市中の山居より 第四回
お茶と豚
お茶の本を何冊か書いてきましたが、いつも頭を、いや鼻と舌を悩ませたのが味、香りの表現です。「キンモクセイの香り」とはっきり書けないからです。味、香りはセットです。別々に表現できず、必ず「・・・のような」と比喩の表現になってしまいます。
2月4日の朝日新聞朝刊におもしろい記事がありました。ワインに「猫のおしっこの香り」という表現があるというのです。「乾燥しかけた青草にちょっと焦げっぽさを合わせたような少しくせのある香り」という白ワインがあるのだそうです。「飲んでみようかな」なんて思わない匂いですが、逆にひと口味わってみたくもなるのが人間の好奇心というもの。お客さまにおいしくワインを飲んでいただく案内人がソムリエならば、お茶は? チャムリエとでも言いましょうか。

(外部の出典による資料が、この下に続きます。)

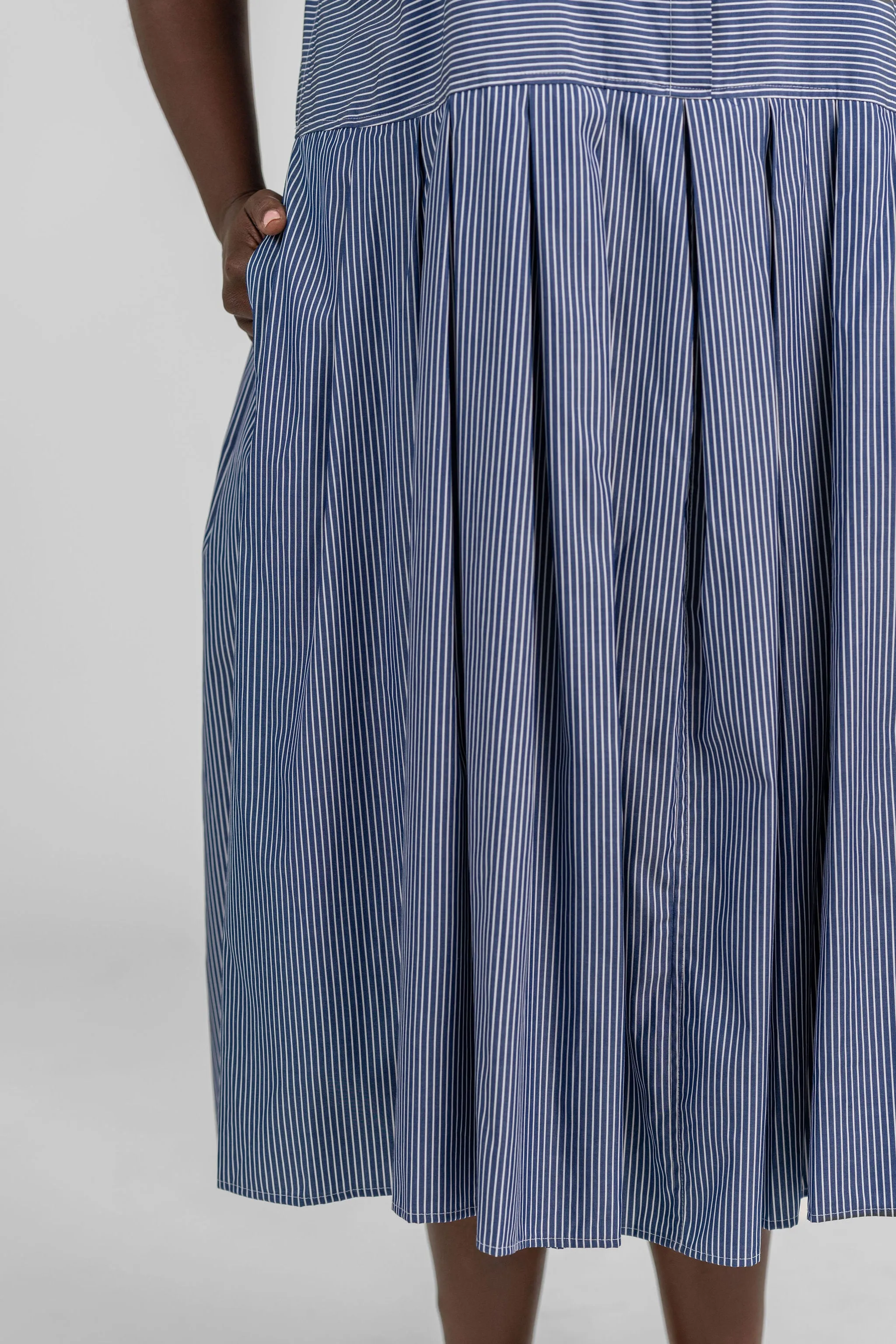 KYLE - BIG PLEATED SHIRT DRESS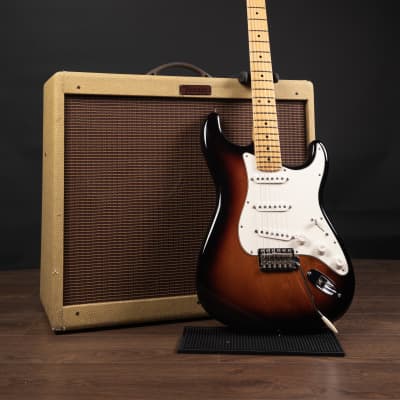2013 Fender USA American Special Stratocaster - in 3 Tone Sunburst for sale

岩茶は味、香りが複雑ですから、表現も複雑になりがちで、悩みつつも私は結構楽しんでいるところがあります。「クチナシのような」「夜来香のような」「沈丁花のような」「伽羅のような」―みんな「のような」が付くのですが、ここに想像力を刺激する原因があるからです。
豚肉はトリ肉や牛肉よりアルブミン濃度が高いので免疫機能を高めるとか、ビタミンB₁を多く含んでいるので肥満のもとの糖質を分解してくれるとか、物質が明らかになっています。しかしお茶はそうはいきません。物質の解明可能な豚肉にロマンは感じませんが、お茶はまだまだミステリアスな物質、言い換えればロマンがあります。そこに想像力を刺激し、あきずにつき合える魅惑的な嗜好品のヒミツがあるのでしょう。